- **RECORDS FOR THIS TASK**
---*---

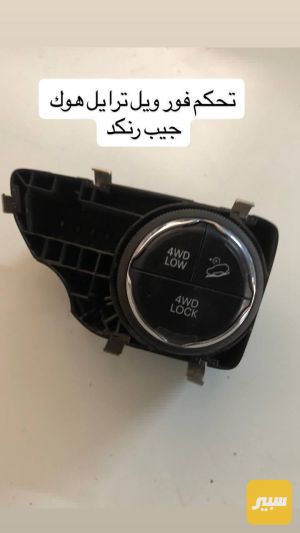 تحكم فور ويل جيب رنكد
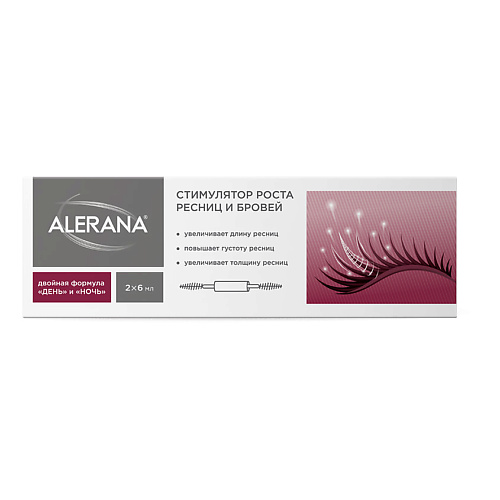 Гель для роста ресниц ALERANA Стимулятор для роста ресниц гель для роста ресниц alerana стимулятор для роста ресниц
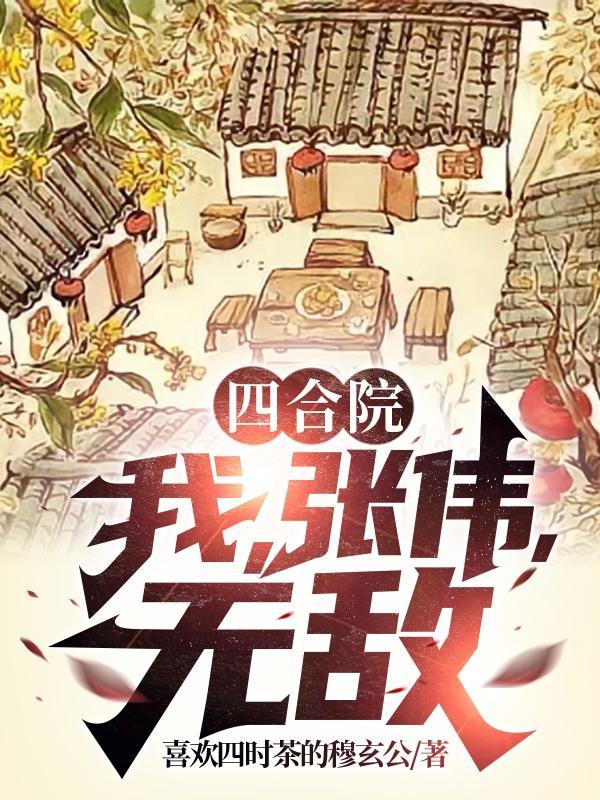 顶级宠婚高冷老公惹不起免费阅读在哪阅读笫六十八章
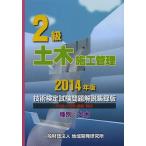 2級土木施工管理技術検定試験問題解説集録版 2014年版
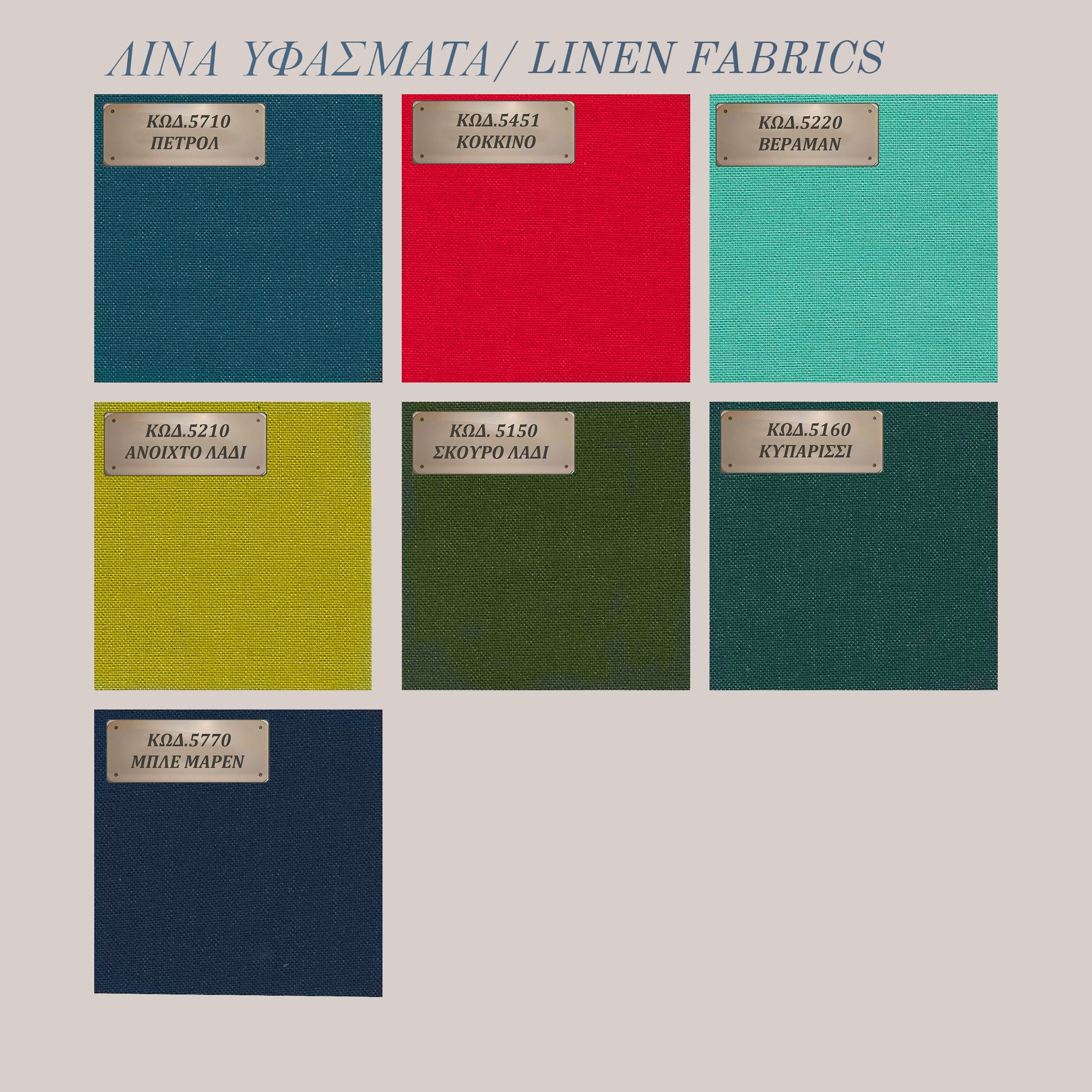 images/Items/Materials/14.LINEN FABRICS.jpg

---*---

- **YOUR INSTRUCTIONS**
Where an entry holds a picture, leave the picture out and output the rest exactly.

- **ANSWER FOR THIS EXERCISE**
 تحكم فور ويل جيب رنكد
 Гель для роста ресниц ALERANA Стимулятор для роста ресниц гель для роста ресниц alerana стимулятор для роста ресниц
 顶级宠婚高冷老公惹不起免费阅读在哪阅读笫六十八章
 2級土木施工管理技術検定試験問題解説集録版 2014年版
 images/Items/Materials/14.LINEN FABRICS.jpg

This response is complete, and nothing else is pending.